West central Michigan vegetable update – May 27, 2020

Vegetable pest activity is starting for crops that weathered recent cold then hot weather.

Common asparagus beetle
Photo 1. Common asparagus beetle populations have been high in problem fields over the last week. Photo by Ben Werling, MSU Extension.


Today, May 27, will be warm and humid with scattered showers and thunderstorms this afternoon through early evening, with chances strongest in the western lower. Widespread showers will move in Thursday afternoon, May 28, and persist through early Friday. This will be the highest chance of rain through early next week. A Canadian origin air mass will arrive behind this front, bringing cooler air on Friday. Cooler temperatures are forecast through next Tuesday, with highs in the 60s and lows in the 40s.

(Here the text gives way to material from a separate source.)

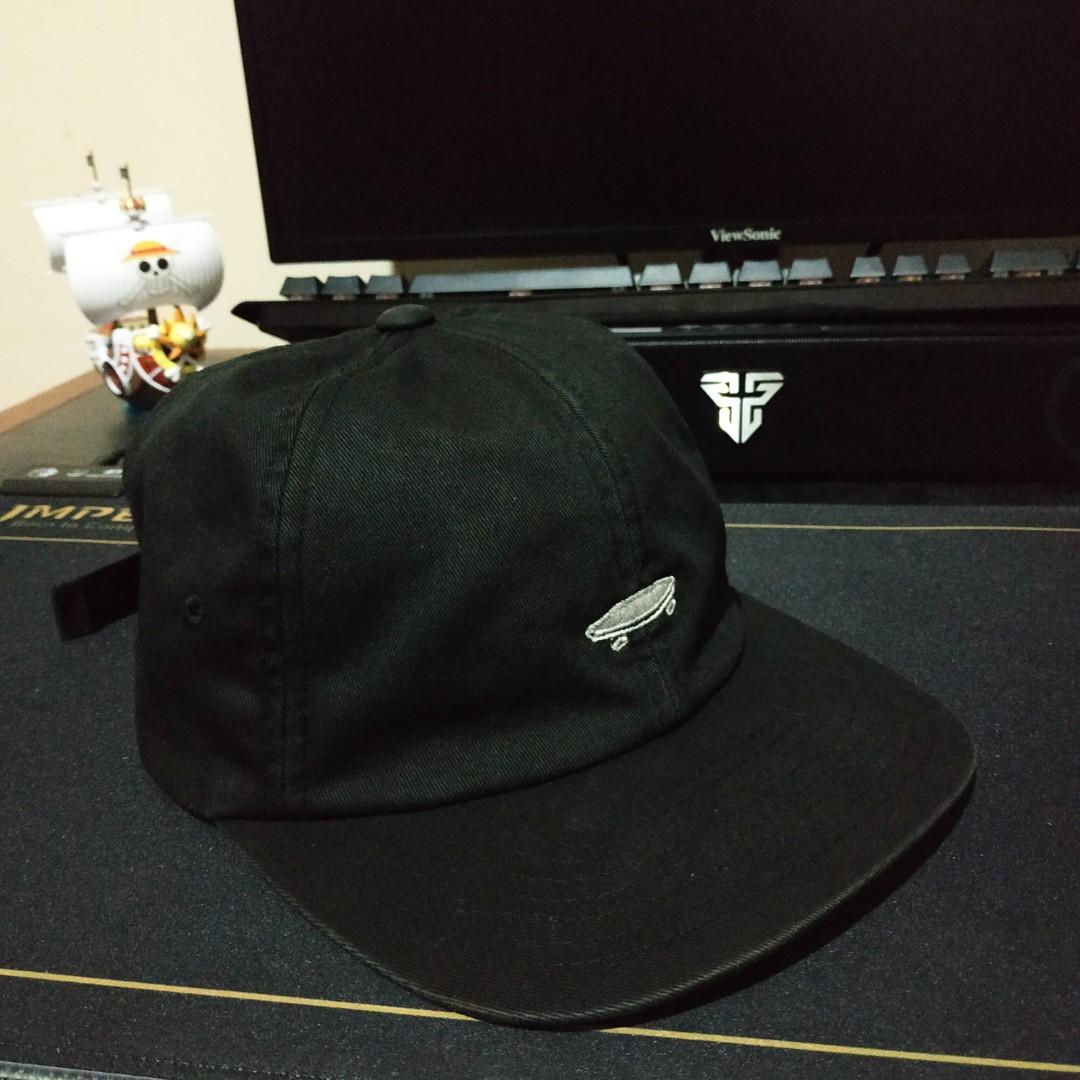 Vans thrasher cap sale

Precipitation totals for the next week are forecast for 0.5-0.75 inches.

The medium-range forecasts predict above-normal temperatures and below-normal precipitation for June 1-9. There is less certainty about the precipitation portion of this forecast.

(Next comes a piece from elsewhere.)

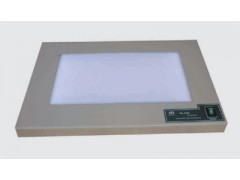 简洁型白光透射仪  HAD-GL-800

The new seasonal outlooks call for June-August predict above-normal temperatures and precipitation, though confidence in this forecast is relatively low.

Crop updates

Asparagus harvest started around May 17 in west central Michigan, with harvest rapidly accelerating with the heat over the Memorial Day weekend. There are reports of high activity of common asparagus beetle in problem fields (Photo 1), both in southwest and west central Michigan. In at least one case, multiple modes of action are being sprayed extremely frequently. Beetles are visibly dying after each application, but fields are rapidly recolonized. This suggests that, at least in this case, applying different modes of action is not a clear solution. Hopefully, the upcoming cooler weather will help.

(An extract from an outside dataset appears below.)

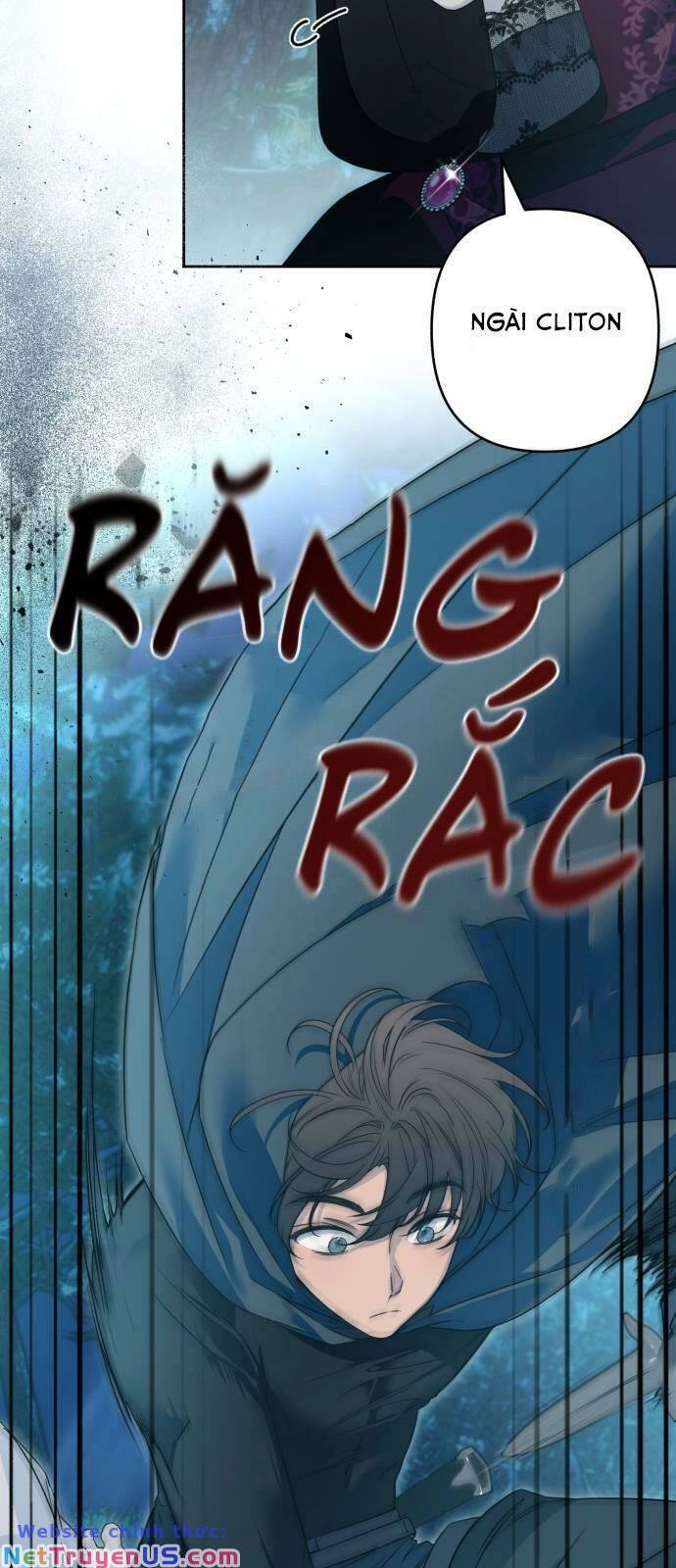 Công Nương Mint Bé Nhỏ Chapter 49 - 52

What products are available for control? The carbamate Carbaryl remains the industry standard (one-day preharvest interval). If you desire to apply carbaryl at 1 quart per acre and cost is a concern, consider banding the applications over the asparagus rows and treating entire fields. Acetamiprid (one-day preharvest interval) is a different mode of action than carbaryl, Lorsban and Lannate, and is available in soluble granule or wettable powder formulations. Some growers used it in 2018 and felt it was at least as effective as carbaryl. A variety of generics are available. Two applications are allowed per year. Formulations with labels include Anarchy (Loveland Products), Anniston (Tacoma Ag), Arvida (Atticus Ag Products), Assail (UPL), Azomar (AgBiome) and Intruder Max (UPL).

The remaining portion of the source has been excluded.